Lt. Gov. Hampton: Bevin’s Chief Of Staff ‘Clearly Overstepped His Boundaries’
The drama between Lt. Gov. Jenean Hampton and Gov. Matt Bevin continues following the firing of one of her staffers at the hands of the Bevin administration.
Hampton issued a statement on Tuesday saying Bevin’s chief of staff Blake Brickman “clearly overstepped his boundaries” when he fired her deputy chief of staff last month.
“Every Kentuckian should be concerned that an unelected bureaucrat appears to have power over the office of the Lieutenant Governor,” Hampton wrote in the statement. “I am perplexed by the vacuous decision to deprive an active, productive Lieutenant Governor of her staff.”
Brickman said over the weekend that he fired Adrienne Southworth, Hampton’s deputy chief of staff, because she repeatedly demonstrated poor judgment.
Brickman accused Southworth of misusing state property and lobbying state legislators to pass legislation that provided leniency to sex offenders without authorization from the Bevin administration.
Until Tuesday, Hampton had remained silent on the issue with the exception of a cryptic tweet drawing attention to Southworth’s firing and requesting prayers as she battles “dark forces.”
Hampton’s relationship with Bevin has been strained since he didn’t select her for his re-election ticket, choosing state Sen. Ralph Alvarado instead.
The Bevin administration also fired Hampton’s chief of staff Steve Knipper earlier this year, citing an administration policy that forbids officials from keeping their jobs while they run for elected office. Knipper ran for Secretary of State this year, but lost in the Republican primary.
In her statement, Hampton said that she was “pursuing action” to reinstate her staff and that she would “serve the remaining months of my term as I began it: joyful, faithful, humble.”

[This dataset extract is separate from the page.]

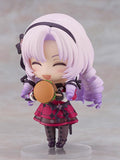 Good Smile NIJISANI: Hyakumantenbara Salome Nendoroid Action Figure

Bevin selected Hampton to be his running mate for his 2015 campaign and, when they won, Hampton became the first African-American elected to statewide office in Kentucky.
The lieutenant governor’s office is largely symbolic though a lieutenant governor becomes governor in the event of a governor’s death or incapacitation.
The growing feud isn’t the first time a governor and lieutenant governor have publicly come at odds while still in office.
Former Lt. Gov. Steve Pence dropped off Gov. Ernie Fletcher’s re-election ticket following a scandal that involved political supporters being handed protected state jobs. Fletcher called for Pence to resign, but he refused.